La connotazione fortemente politica della Giornata della donna, l’isolamento politico della Russia e del movimento comunista e, infine, le vicende della seconda guerra mondiale, contribuirono alla perdita della memoria storica delle reali origini della manifestazione. Così, nel secondo dopoguerra, cominciarono a circolare fantasiose versioni, secondo le quali l’8 marzo avrebbe ricordato la morte di centinaia di operaie nel rogo di una inesistente fabbrica di camicie Cotton o Cottons avvenuto nel 1908 a New York, facendo probabilmente confusione con una tragedia realmente verificatasi in quella città il 25 marzo 1911, l’incendio della fabbrica Triangle, nella quale morirono 146 lavoratori, in gran parte giovani donne immigrate dall'Europa. Altre versioni citavano la violenta repressione poliziesca di una presunta manifestazione sindacale di operaie tessili tenutasi a New York nel 1857, mentre altre ancora riferivano di scioperi o incidenti avvenuti a Chicago, a Boston o a New York.
Nonostante le ricerche effettuate da diverse femministe tra la fine degli anni settanta e gli ottanta abbiano dimostrato l'erroneità di queste ricostruzioni, le stesse sono ancora diffuse sia tra i mass media che nella propaganda delle organizzazioni sindacali.
In Italia 

La mimosa 


Manifestazione femminista
Nel settembre del 1944 si creò a Roma l’UDI, Unione Donne in Italia, per iniziativa di donne appartenenti al PCI, al PSI, al Partito d'Azione, alla Sinistra Cristiana e alla Democrazia del Lavoro e fu l’UDI a prendere l’iniziativa di celebrare, l’8 marzo 1945, la prima giornata della donna nelle zone dell’Italia libera, mentre a Londra veniva approvata e inviata all'ONU una Carta della donna contenente richieste di parità di diritti e di lavoro. Con la fine della guerra, l'8 marzo 1946 fu celebrato in tutta l'Italia e vide la prima comparsa del suo simbolo, la mimosa, che fiorisce proprio nei primi giorni di marzo, secondo un'idea di Teresa Noce, Rita Montagnana e di Teresa Mattei.
Nei primi anni cinquanta, anni di guerra fredda e del ministero Scelba, distribuire in quel giorno la mimosa o diffondere Noi donne, il mensile dell'Unione Donne Italiane (UDI), divenne un gesto «atto a turbare l’ordine pubblico», mentre tenere un banchetto per strada diveniva «occupazione abusiva di suolo pubblico». Nel 1959 le senatrici Luisa Balboni, comunista, Giuseppina Palumbo e Giuliana Nenni, socialiste, presentarono una proposta di legge per rendere la giornata della donna una festa nazionale, ma l'iniziativa cadde nel vuoto.
Il clima politico migliorò nel decennio successivo, ma la ricorrenza continuò a non ottenere udienza nell'opinione pubblica finché, con gli anni settanta, in Italia apparve un fenomeno nuovo: il movimento femminista.
Il femminismo
Per approfondire, vedi la voce Femminismo.

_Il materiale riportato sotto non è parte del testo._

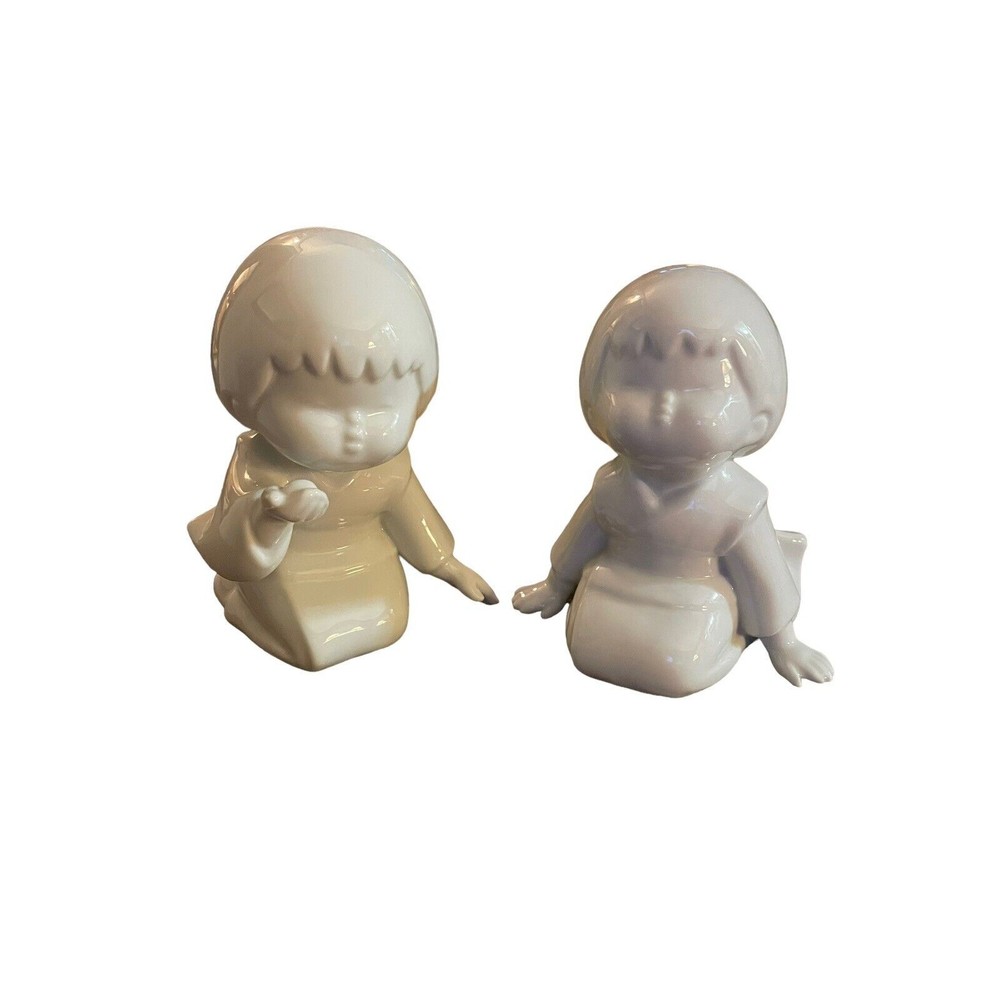 Toyo Japan ceramic sculptures of girls set of 2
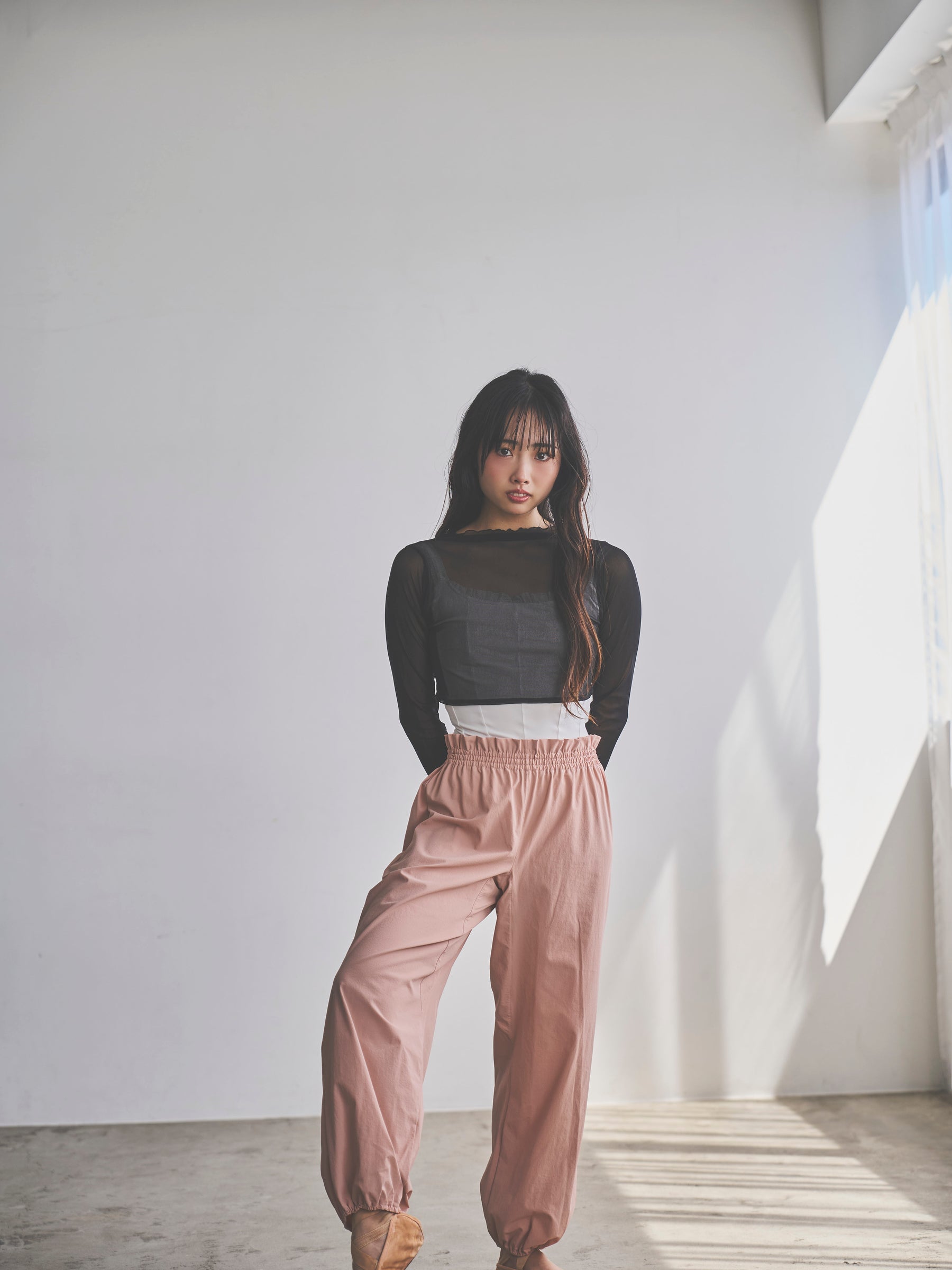 Retune. warm up pants / pink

Carica di polizia contro un corteo femminista
L'8 marzo 1972 la manifestazione della giornata della donna si tenne a Roma in piazza Campo de' Fiori: vi partecipò anche l'attrice statunitense Jane Fonda, che pronunciò un breve discorso di adesione, mentre un folto reparto di polizia era schierato intorno alla piazza nella quale poche decine di donne manifestanti inalberavano cartelli con scritte inconsuete e «scandalose»: «Legalizzazione dell'aborto», «Liberazione omosessuale», «Matrimonio = prostituzione legalizzata», e veniva fatto circolare un volantino che chiedeva che non fossero «lo Stato e la Chiesa ma la donna ad avere il diritto di amministrare l'intero processo della maternità». Quelle scritte sembrarono intollerabili, perché la polizia caricò, manganellò e disperse le manifestanti.
Il 1975 fu designato come "Anno Internazionale delle Donne" dalle Nazioni Unite e l'8 marzo le organizzazioni femminili celebrarono in tutto il mondo proprio la giornata internazionale della donna, con manifestazioni che onoravano gli avanzamenti della donna e ricordavano la necessità di una continua vigilanza per assicurare che la loro uguaglianza fosse ottenuta e mantenuta in tutti gli aspetti della vita civile. A partire da quell'anno anche le Nazioni Unite riconobbero nell'8 marzo la giornata dedicata alla donna.
Due anni dopo, nel dicembre 1977, l'Assemblea generale delle Nazioni Unite adottò una risoluzione proclamando una «giornata delle Nazioni Unite per i diritti della donna e la pace internazionale» da osservare dagli stati membri in un qualsiasi giorno dell'anno, in accordo con le tradizioni storiche e nazionali di ogni stato. Adottando questa risoluzione, l'Assemblea riconobbe il ruolo della donna negli sforzi di pace e riconobbe l'urgenza di porre fine a ogni discriminazione e di aumentare gli appoggi a una piena e paritaria partecipazione delle donne alla vita civile e sociale del loro paese.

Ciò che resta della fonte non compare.